Hidden Gems: The authentic Beijing hotpot spot in a place you’d least expect

Near the market... check... great food... check...

By Ben Arnold | 29 August 2024

Share this story


Go to any city in the world and as a rule of thumb, restaurants that are near the market are pretty likely to be decent, simply by virtue of their proximity to all the good stuff.

Four Seasons is barely a swimming pool’s length from New Smithfield Market on Ashton Old Road. And it’s good.

Case closed on that one, then. “We don’t stock much,” says the place’s manager Ma, as he surveys the tanks of live seafood. “We come here every day.”

The truth is, they don’t need to stock much. Few restaurants in Manchester – if any, in fact – have the luxury of being able to stagger across the road into perhaps the best stocked larder in the city.

It also falls very firmly into the ‘hidden gem’ category too. You’re simply not stumbling upon this place on the main drag in Chinatown, and it’s not like Four Seasons is tucked in a neighbourhood full of thriving local eateries.

It’s more a case that if you know, you know.

With owners Simon and Wendy, this humble restaurant is producing some of the best Beijing-style hotpot there is, ingredients travelling direct from the market into the soup pot which bubbles away like a cauldron on your table, as gold-coloured extractors drag the steam up into the ceiling.

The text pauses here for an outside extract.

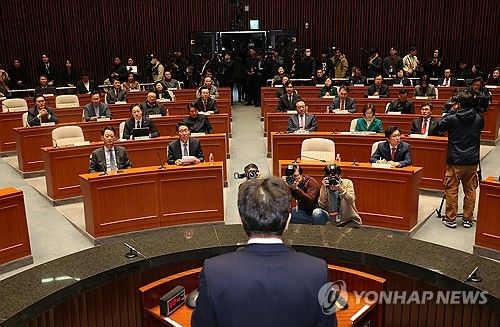 국민의힘 비상의원총회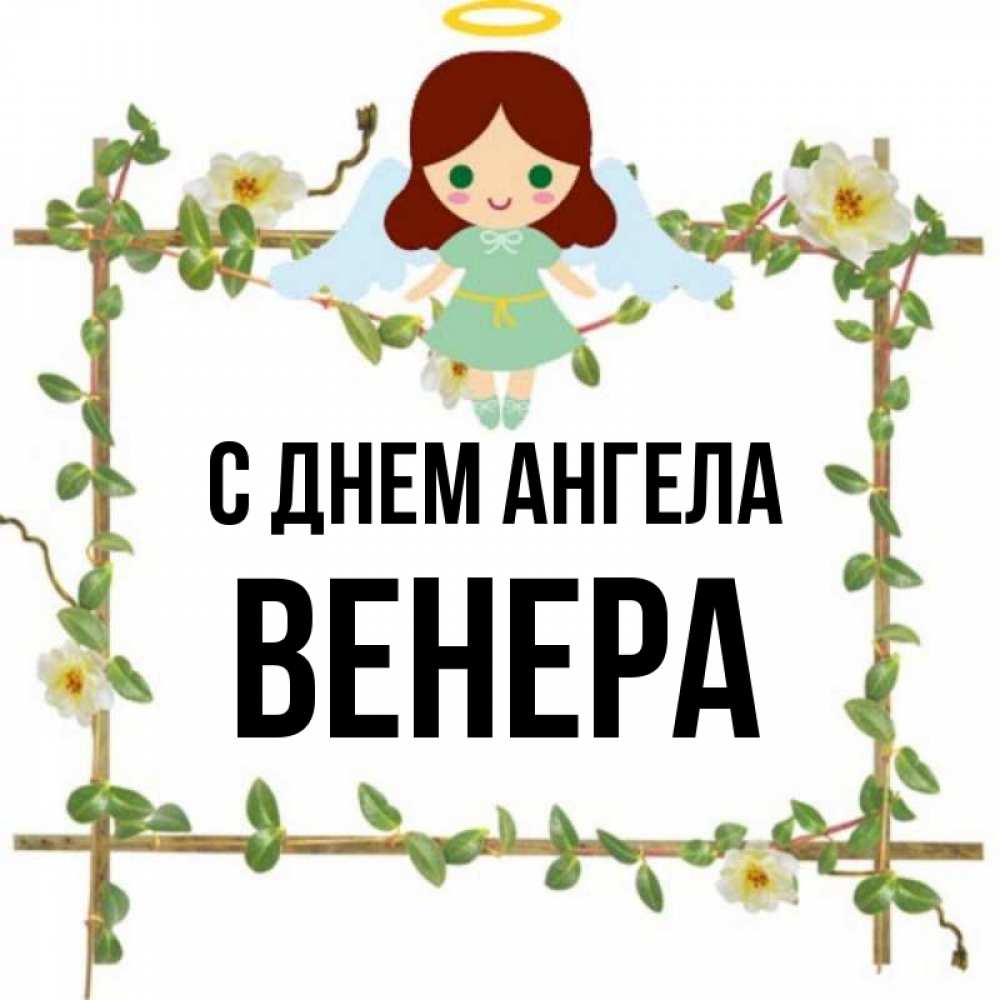 Открытка на каждый день с именем, Венера С днем ангела Ангел с нимбом Прикольная открытка с пожеланием онлайн скачать бесплатно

If barbecue is more your style, you can fire up the on-table grill with hot coals, fill a bowl full of condiments and curls of lamb, beef and pork, and get grilling.

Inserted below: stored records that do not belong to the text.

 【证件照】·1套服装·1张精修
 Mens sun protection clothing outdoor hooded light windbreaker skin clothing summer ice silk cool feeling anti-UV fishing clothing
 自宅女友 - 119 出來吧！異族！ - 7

Ma was a pharmacist in China, serving up traditional Chinese medicines for ailments of all kinds. The hotpots, wholesome and hearty as they are, almost certainly have comparable healing properties in the same way that kosher chicken soup is often dubbed ‘Jewish penicillin’.

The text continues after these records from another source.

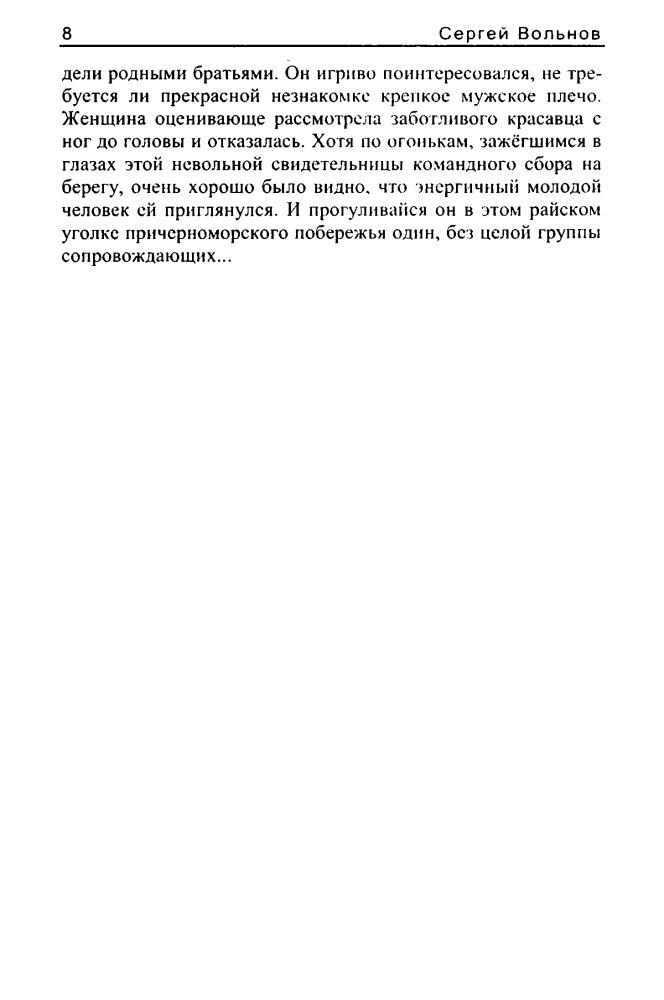 Вольнов С. - Звёзды героев (Звёздный лабиринт) - 2011_pic10.jpg
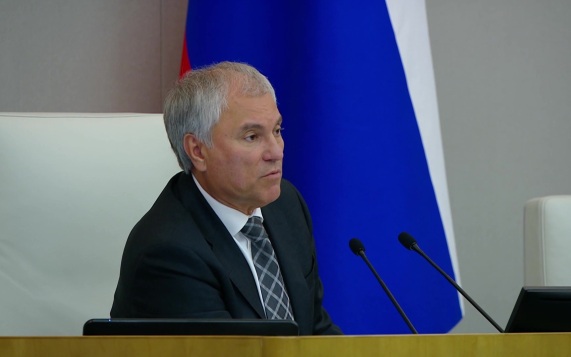 Володин рассказал о составе депутатов нового созыва Госдумы
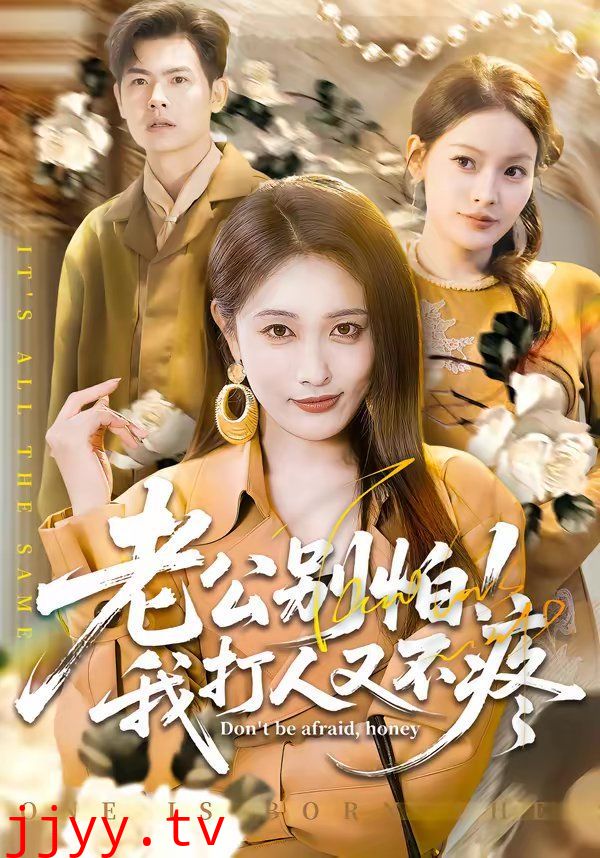 老公别怕！我打人又不疼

This is good for what ails you. In fact, everything at Four Seasons is pretty uplifting, from the food on the table to the welcome at the door, not to mention the potential for karaoke, and maybe a nip of strong Chinese booze, for those after putting some hair on their chests.

It’ll give you the gumption you need to belt out Eye of the Tiger. 

Gems don’t come much more hidden than this place.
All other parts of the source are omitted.